To Ali Sina,
My story may appear to be the regular teenage drama at first glance. But if you delve deeper, you’ll find that I’m dealing with this big problem: a crush on this boy.
Wait! I know what it looks like at first. “Muslim girl gets a crush on another Muslim boy from the mosque and doesn’t know how to handle it.”
I promise you that it isn’t. It has very little to do with teenage angst. I’m typing this fast so some things might be rushed because I need to finish writing this before my mom wakes up from her nap. If you need any clarifications you can email me back till I’m satisfied with your advice.
I have suffered through depression and didn’t know exactly what was making me feel that way around late 2011. They thought it was a chemical imbalance. I thought I was stressed from my bad grades at school. But now I know that it was the fear of Hell that was burning away my spirit.
I will try to make this part of the story brief so I can get down to the main point. But I need to get this out: Islam has psychologically damaged me. This damage is being healed but some scars will never fade. I may have left Islam but a part of Islam will never leave me. The idea of having to accept sharing my husband with 72 virgins in the afterlife, the idea that the familiar, non-Muslim faces I see at school everyday were going to hell, ideas of angels beating me up in my grave and crushing me so severely that my ribs would overlap just because I failed to bow down to a narcissistic “god”, Allah humiliating me with every little petty thing I’ve done in life, the graphic descriptions of hell that were repeated to me for many years since I was very young…it has messed up my mind and distorted my sense of safety. It didn’t matter if everyone in the world loved me, because the wrath of Allah in the afterlife for making any mistake was sure to ruin a good mood.

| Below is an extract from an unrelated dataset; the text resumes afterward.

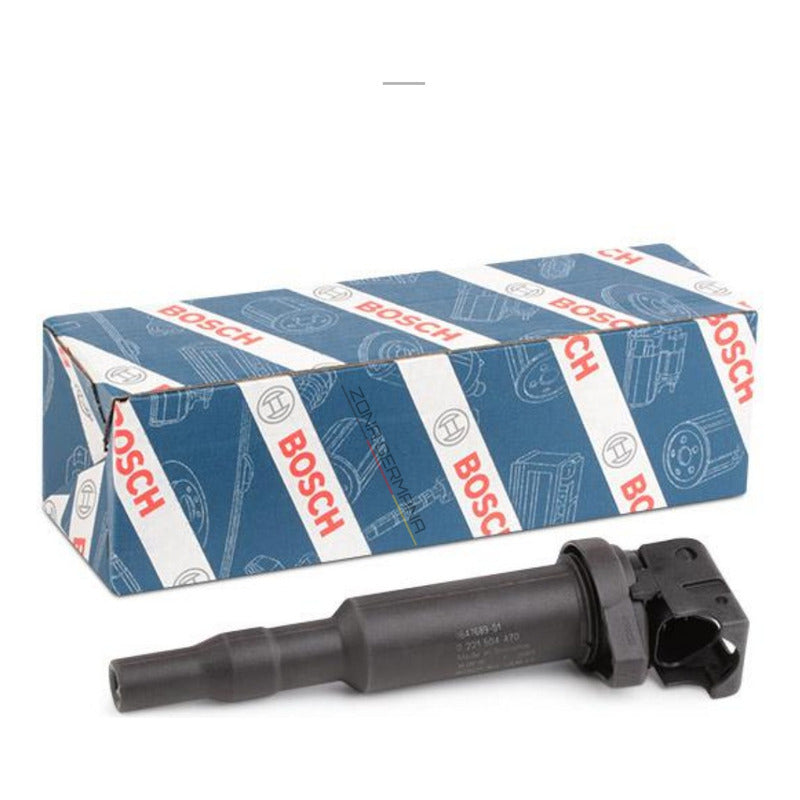 Bobina Encendido Bmw 125i 135i M135i 130i M1 F20 F21 E82 E87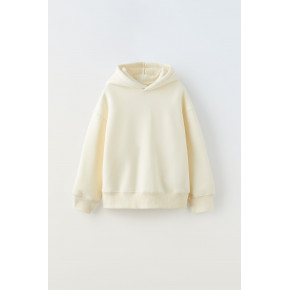 Однотонна толстовка для хлопчиків Zara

To top that off, I learned so much too fast on a plethora of various subjects. I think too much for a 15 year old, hence being called a little philosopher. I don’t say this to brag but I want you to understand that being too smart led to mental isolation. Most teens don’t worry about worldly issues like I do. I wish I wasn’t this way sometimes because it seems like a curse to be so enlightened, for ignorance is a bliss I wish I could bask in. Instead I am aware of the horrible truth called Islam, and I’m aware of the long journey I’m going to have to do endure. I consider myself agnostic.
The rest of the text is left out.